# Best Arena



## kansasalumn (Jun 9, 2002)

I know we had discussions of this last off season, but Lets start this up again. 

What is the BEST College Basketball Arena? There are so many different kinds. You have to old barns like Allen FIeld House, Iba at Okie State, and Cameron Indoor Stadium, or you have new places like the Dean Dome, the one at Texas Tech, and soon to be Missouri new one in a couple years.

You have Allen Field House of Kansas. You have Cameron Stadium of DUke, Iba of Okie State, Williams Arena of Minnesota, Pauly of UCLA, Rupp arena of Kentucky, and many more. Too bad Maryland got rid of their old barn.


----------



## ltrain99 (Apr 27, 2003)

Gotta go with MSG. I also like the arena where the court is raised like a stage, but i 4got exactly where it was. Anyone remember?


----------



## FSH (Aug 3, 2002)

Carrier Dome,Syracuse NY


----------



## UKfan4Life (Mar 5, 2003)

> Originally posted by <b>kansasalumn</b>!
> I know we had discussions of this last off season, but Lets start this up again.
> 
> What is the BEST College Basketball Arena? There are so many different kinds. You have to old barns like Allen FIeld House, Iba at Okie State, and Cameron Indoor Stadium, or you have new places like the Dean Dome, the one at Texas Tech, and soon to be Missouri new one in a couple years.
> ...


This should be a no-brainer.
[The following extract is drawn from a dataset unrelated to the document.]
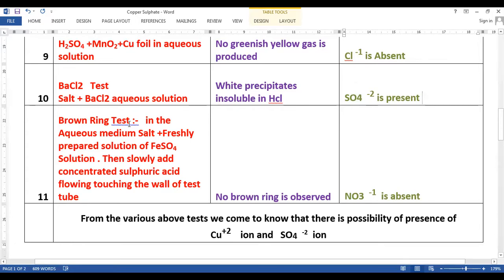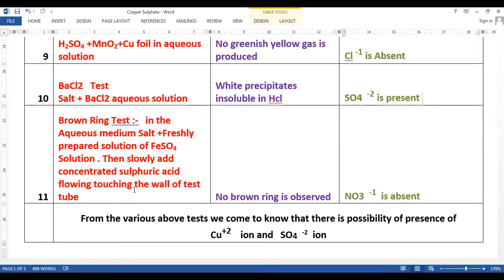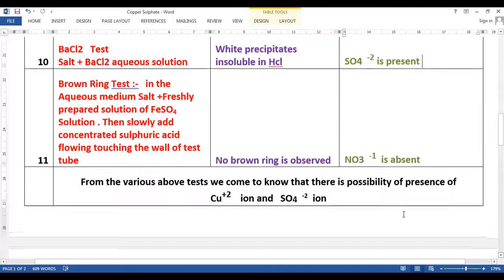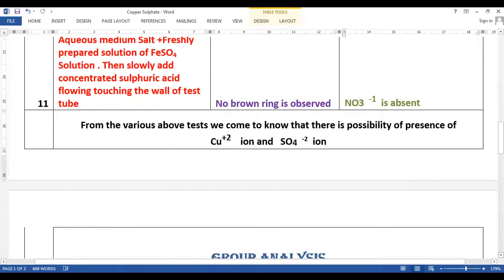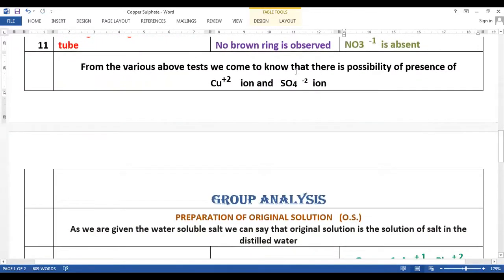The next test is the brown ring test. In an aqueous medium we take the salt, add freshly prepared FeSO₄ solution, and then slowly add concentrated sulfuric acid, allowing it to flow down the wall of the test tube. At the juncture of the two solutions we do not get any brown coloured ring, and as we do not get the brown ring we consider NO₃⁻ ion is absent.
Rupp Arena by far. It seats 22,000 people and has been sold out every single game since 1976 when it was first opened (NCAA record-by the way, every UK home game has been sold out since the early 1920's in Alumni Gym). It's part of a very luxurious (spelling?) hotel that has all-Kentucky apparel shops with basketball equipment. It even has the Kentucky Basketball Musuem in it where you can play against virtual versions of UK-greats. The shopping are is 3 stories alone with nothing but small fast food stop areas, UK gift shops, and UK apparel stores.


----------



## kansasalumn (Jun 9, 2002)

> Originally posted by <b>ltrain99</b>!
> Gotta go with MSG. I also like the arena where the court is raised like a stage, but i 4got exactly where it was. Anyone remember?


sorry I mean college, granted St Johns play there. 

True MSG is one of the best arenas.


Talking about raising a court, WIlliams Arena for the Gophers of Minnesota, now that is court raise.


----------



## UKfan4Life (Mar 5, 2003)

:laugh: UK's arena is so big, that the court itself had to be built underground.


----------



## kansasalumn (Jun 9, 2002)

*Re: Re: Best Arena*



> Originally posted by <b>Rupp</b>!
> 
> 
> This should be a no-brainer. Rupp Arena by far. It seats 22,000 people and has been sold out every single game since 1976 when it was first opened (NCAA record-by the way, every UK home game has been sold out since the early 1920's in Alumni Gym). It's part of a very luxurious (spelling?) hotel that has all-Kentucky apparel shops with basketball equipment. It even has the Kentucky Basketball Musuem in it where you can play against virtual versions of UK-greats. The shopping are is 3 stories alone with nothing but small fast food stop areas, UK gift shops, and UK apparel stores.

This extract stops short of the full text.